Missiological Reflections on Celtic Christianity

Whether one thinks of western culture as secular (Bruce 1996, 2002; see Stark 1999), ultramodern (Netland 2001; see Grenz 1996; Oden 2001), or postmodern (Oden 1990), it has long been thought of as post- Christian. Increasingly, western Christianity is unable to answer the questions confronting the western mind. Lesslie Newbigin (1987) asked the provocative and still relevant question, “Can the West be converted?” David Cornick suggests that the answer might be found in the Celtic Church:

We who are the heirs of pollution and the misuse of creation long for an intimate closeness with the natural world. We who are the heirs of post-Enlightenment dualism and its demeaning of the spiritual long for an integrative experience of sacred and secular…. We who are the heirs of the “cheap grace” of a Christian establishment… long for a faith which costs. We who are the heirs of ecclesiastical division and the bureaucratic structures of the modern church long for the pure air of days when Aidan tramped the Northumbrian hills gossiping the gospel. All this and more we see in the Celtic Church (1997:47)

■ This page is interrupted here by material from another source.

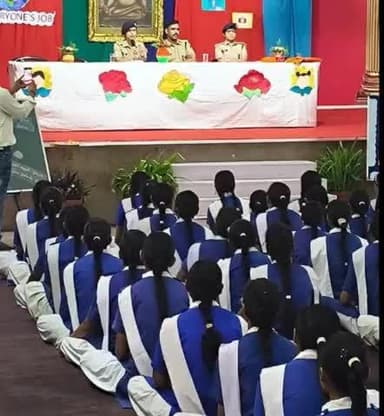 ऑपरेशन जागृति कार्यक्रम चरण -4 : अलवर पुलिस द्वारा आज आर्य कन्या सीनियर सेकेंडरी स्कूल अलवर में बालिकाओं को पोक्सो अधिनियम एवं सेल्फ डिफेंस के संबंध में महत्वपूर्ण जानकारी देकर जागरूक किया गया।
#alwarPolice #POCSO #SelfDefence #Awaren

The Celtic Christians, growing out of a cultural context of Paganism, were passionate for sharing the gospel. They provide models of acculturation and examples of contextualization, while maintaining what was believed everywhere, always and by all. They did all this without the backing of a formal religious hierarchy or state finances (Latourette 1965: 331), but with an egalitarian view of humanity (see Markus 1997: 45-55) and an environmental consciousness that what God had created was good. It was a movement of regular people who desired “Christ in the eye of all who see me, Christ in the ear of all who hear me”(Davies, trans. 1999a: 120).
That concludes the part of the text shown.